JOHN GADSBY CHAPMAN (AMERICAN, 1808-1890) GENRE SKETCH, ink on paper, an intriguing interior scene, possibly for an illustration, featuring a man seated in a chair reading and holding a sword while a dog cowers behind. Monogrammed lower left. Matted under glass in a modern frame. Third quarter 19th century. 3 1/2" x 3 3/4" sight, 9 1/2" x 9 1/2" OA. Provenance: From an Alexandria, VA private collection. Catalogue Note: John Gadsby Chapman (1808-1890) was an important 19th-century artist best known for his monumental oil on canvas (12' x 18'), "The Baptism of Pocahontas" (1842), a work commissioned by the U.S. Government and displayed in the Rotunda of the U.S. Capitol Building. Born in Alexandria, Virginia, Chapman began his artistic training with George Cooke and Charles Bird King in Washington, D.C. before venturing to Italy, where he studied in Rome and Florence from 1827 to 1831. Back in the United States and with the completion of his work for the U.S. Capitol, Chapman had achieved tremendous success, and his abilities were frequently called upon for a variety of commissions.
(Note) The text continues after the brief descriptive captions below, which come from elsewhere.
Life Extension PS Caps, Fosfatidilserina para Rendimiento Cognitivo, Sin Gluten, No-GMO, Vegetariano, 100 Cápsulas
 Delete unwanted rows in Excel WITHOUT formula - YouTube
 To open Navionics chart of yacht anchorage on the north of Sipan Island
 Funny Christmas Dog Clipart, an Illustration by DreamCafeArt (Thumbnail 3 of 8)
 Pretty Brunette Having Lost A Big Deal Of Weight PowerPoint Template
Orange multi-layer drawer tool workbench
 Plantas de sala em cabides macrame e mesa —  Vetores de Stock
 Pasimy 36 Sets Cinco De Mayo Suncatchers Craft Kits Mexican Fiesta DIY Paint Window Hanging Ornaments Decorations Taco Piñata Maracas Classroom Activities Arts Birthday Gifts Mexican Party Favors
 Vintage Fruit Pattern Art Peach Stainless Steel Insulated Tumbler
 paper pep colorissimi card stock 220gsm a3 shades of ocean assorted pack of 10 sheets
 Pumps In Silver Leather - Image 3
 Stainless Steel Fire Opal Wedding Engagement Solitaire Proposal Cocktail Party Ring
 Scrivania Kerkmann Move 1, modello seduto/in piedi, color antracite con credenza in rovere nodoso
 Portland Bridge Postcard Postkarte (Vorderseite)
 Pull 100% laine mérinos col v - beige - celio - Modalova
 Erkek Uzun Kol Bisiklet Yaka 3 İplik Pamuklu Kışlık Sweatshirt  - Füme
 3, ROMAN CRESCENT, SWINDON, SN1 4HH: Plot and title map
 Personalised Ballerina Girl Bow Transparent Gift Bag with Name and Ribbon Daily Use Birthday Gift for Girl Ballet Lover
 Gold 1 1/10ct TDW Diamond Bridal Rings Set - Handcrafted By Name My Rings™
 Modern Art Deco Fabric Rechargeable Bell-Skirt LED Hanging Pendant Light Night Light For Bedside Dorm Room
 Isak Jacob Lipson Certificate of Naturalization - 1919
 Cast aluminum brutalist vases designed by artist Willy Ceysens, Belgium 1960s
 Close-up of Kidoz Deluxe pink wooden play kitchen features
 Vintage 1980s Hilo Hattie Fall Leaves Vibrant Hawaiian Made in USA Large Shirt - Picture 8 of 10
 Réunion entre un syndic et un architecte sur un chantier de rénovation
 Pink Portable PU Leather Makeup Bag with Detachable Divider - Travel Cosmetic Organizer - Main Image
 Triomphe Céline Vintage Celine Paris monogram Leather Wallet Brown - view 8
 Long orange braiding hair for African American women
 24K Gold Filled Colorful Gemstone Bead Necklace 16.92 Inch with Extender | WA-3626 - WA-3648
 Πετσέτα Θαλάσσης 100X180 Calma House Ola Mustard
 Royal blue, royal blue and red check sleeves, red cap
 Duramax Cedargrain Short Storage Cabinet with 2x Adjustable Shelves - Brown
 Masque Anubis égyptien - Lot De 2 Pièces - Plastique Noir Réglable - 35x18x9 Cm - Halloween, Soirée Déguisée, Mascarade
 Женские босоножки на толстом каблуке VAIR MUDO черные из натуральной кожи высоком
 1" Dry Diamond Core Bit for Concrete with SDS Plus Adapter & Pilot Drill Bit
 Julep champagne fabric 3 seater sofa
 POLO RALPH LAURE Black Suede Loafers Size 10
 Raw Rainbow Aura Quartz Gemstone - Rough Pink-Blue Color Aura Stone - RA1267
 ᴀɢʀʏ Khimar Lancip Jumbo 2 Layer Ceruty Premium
Nonetheless, in 1848 Chapman and his family left for Italy, where they were to remain for nearly three decades. The artist worked steadily during this period, producing landscape and genre scenes, often executed for tourists, and frequently sent paintings back to the United States for exhibition. With the outbreak of the American Civil War, however, demand for Chapman's work dissipated in Europe, and he was forced to return to the United States in 1877. Unable to continue his career back in America, John Gadsby Chapman died in poverty and relative obscurity in 1890. His sons, Conrad Wise Chapman (1842-1910) and John Linton Chapman (1839-1905), were successful painters as well, both of whom learned from their father and began their careers in Italy.
The present example may well be a preparatory sketch for one of Chapman's illustrations and demonstrates the artist's keen eye for narrative detail.
Very good condition overall with minor areas of toning at edges. Not examined out of frame.